23 mois plus tard, l’Amour inconditionnel

Peut-être, déjà, que nous, La Passerelle, n’étions pas assez dans l’Amour inconditionnel pour pouvoir en parler. Comprendre une chose, pouvoir l’expliquer, c’est une étape importante mais entre expliquer et vivre, être cohérent avec ce qu’on écrit, c’est encore autre chose.

!!! Ce texte sera forcément insatisfaisant, j’en prends mon parti. Si vous avez des commentaires et/ou des questions, n’hésitez pas à les laisser anonymement ou pas dans les commentaires !!!

Peut-être aussi que c’est un des articles les plus difficiles qui soit à écrire.
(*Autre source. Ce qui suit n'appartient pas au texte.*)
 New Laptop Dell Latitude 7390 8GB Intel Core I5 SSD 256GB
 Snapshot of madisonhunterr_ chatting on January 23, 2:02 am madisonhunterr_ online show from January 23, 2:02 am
Comment parler, écrire surtout, sur un sujet qui ne peut pas se limiter à des mots ? Comment partager un sentiment ? Qui plus est sur un thème qui est forcément mal compris tellement il est éloigné de ce qu’on nous apprend à vivre, être et penser.
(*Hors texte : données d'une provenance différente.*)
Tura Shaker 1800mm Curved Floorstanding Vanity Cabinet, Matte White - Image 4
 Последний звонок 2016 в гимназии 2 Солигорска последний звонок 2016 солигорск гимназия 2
Hier encore, trois discussions, et trois fois ce constat terrible : nous ne savons pas Aimer ! Nous ne parlons que de possession, vengeance, rancoeur, tristesse et peurs, peurs, peurs. Nos bouches, nos têtes, nos oreilles et nos coeurs sont gavés de ces miasmes.

Le niveau de Tolérance, je mets des majuscules, me référant ainsi au concept plus qu’à sa définition limitante, est proche du néant.

Alors parler de l’Amour inconditionnel quand 1 fois sur 2 la réponse est « y a qu’à les buter direct » – « Ça je ne le pardonnerai jamais » ou « mais c’est inadmissible, comment ça peut exister ! »

Oui mais ça existe ! Alors vous allez dire « la faute à qui ! », cherchant encore et toujours un responsable à notre propre aberration … Un responsable, une raison, définir, limiter, cloisonner, séparer, voilà des notions totalement opposées à la notion d’Amour inconditionnel. Vous voyez, intégrer ces notions dans nos vies du quotidien, c’est pas gagné ! 

Comment parler de ce qui n’est pas ?

Pour vous remettre dans le bain, un petit retour sur l’article « L’amour conditionnel »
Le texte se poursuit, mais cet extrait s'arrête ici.